Les avis divergent pour deviner lequel des deux tirera son épingle du jeu en 2011. Pour M. Lutz, les Verts profiteront de leur position tranchée contre l'initiative et le contre-projet sur le renvoi des étrangers. Pour M. Hermann, la banalisation du débat sur le climat va les desservir au profit du PS.

L'UDC attire les jeunes

Tous reconnaissent en revanche le dynamisme de l'UDC. Pour Pascal Sciarini, «ce parti se lance dans la campagne électorale avec une image de vainqueur».

C'est lui qui dicte l'agenda politique, survole les débats accrocheurs, prépare le mieux ses campagnes. Son seul problème: un électorat sur-exploité et difficilement extensible.

Mais pour Michael Hermann, cette formation qui a vu sa réserve de sympathisants stagner dans plusieurs cantons a réussi à séduire beaucoup de jeunes. «L'UDC a une ligne politique très claire qui plaît aux nouveaux électeurs», explique cet expert. (ats)

PBD et les Verts libéraux gagnants ?

Selon le dernier baromètre politique publié ce dimanche dans «Le Matin Dimanche» et la «SonntagsZeitung», le Parti socialiste obtiendrait actuellement 19,1% des voix, soit 0,4% de moins qu'en 2007. En octobre, un autre sondage, réalisé pour le compte de la SSR, lui octroyait 20,1% des intentions de vote.

Au centre de l'échiquier, le PLR se maintient: 17,1% des citoyens auraient voté pour lui en décembre et 17,2% en octobre. En 2007, les voix réunies des Libéraux et des Radicaux totalisaient 17,7%. Le PDC perd quelques plumes avec 14,1% des intentions de vote selon le premier baromètre et 13,8% selon le second (contre 14,5% en 2007).

Les Verts, qui avaient bien progressé entre 2003 et 2007 pour atteindre 9,6% des suffrages, rétrogradent à 9,1% selon le sondage du «Matin Dimanche» et de la «SonntagsZeitung», voire à 8,5%, selon le baromètre de la SSR.

Verts lib' et PBD

Les deux formations qui sortent gagnantes des deux sondages sont les Verts libéraux et le PBD. Si les Suisses avaient renouvelé leur Parlement en octobre dernier, les premiers auraient recueilli 3,8% des voix (contre 1,4% en 2007) et les seconds 3,6% (contre 0% en 2007 puisqu'à ce moment la formation ne s'était pas encore créée en se séparant de l'UDC). En décembre, les deux partis bénéficiaient respectivement de 3,2% et 4,5% des intentions de vote.

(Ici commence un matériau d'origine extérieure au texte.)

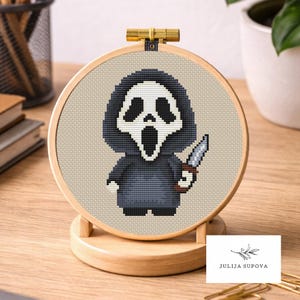 Può includere: Un ricamo a punto croce in un telaio di legno raffigura il personaggio dei cartoni animati Ghostface dei film Scream, con un coltello. Il personaggio indossa una veste nera con una maschera bianca. Il ricamo è esposto su un supporto di legno.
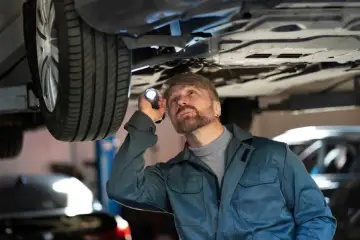 Mechanik z latarką bada podwozie auta, szukając problemów z jarzmem hamulca.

Ces tendances sont confirmées par les résultats des élections cantonales. Aussi bien le PBD que les Verts Libéraux sont parvenus à gagner des sièges dans les cantons. L'UDC a étoffé sa représentation, sauf dans les Grisons. Le centre a stagné voire reculé dans la plupart des scrutins. Le PS et les Verts ont également perdu des sièges sur l'ensemble des consultations cantonales, à l'exception de celles d'octobre dans le Jura.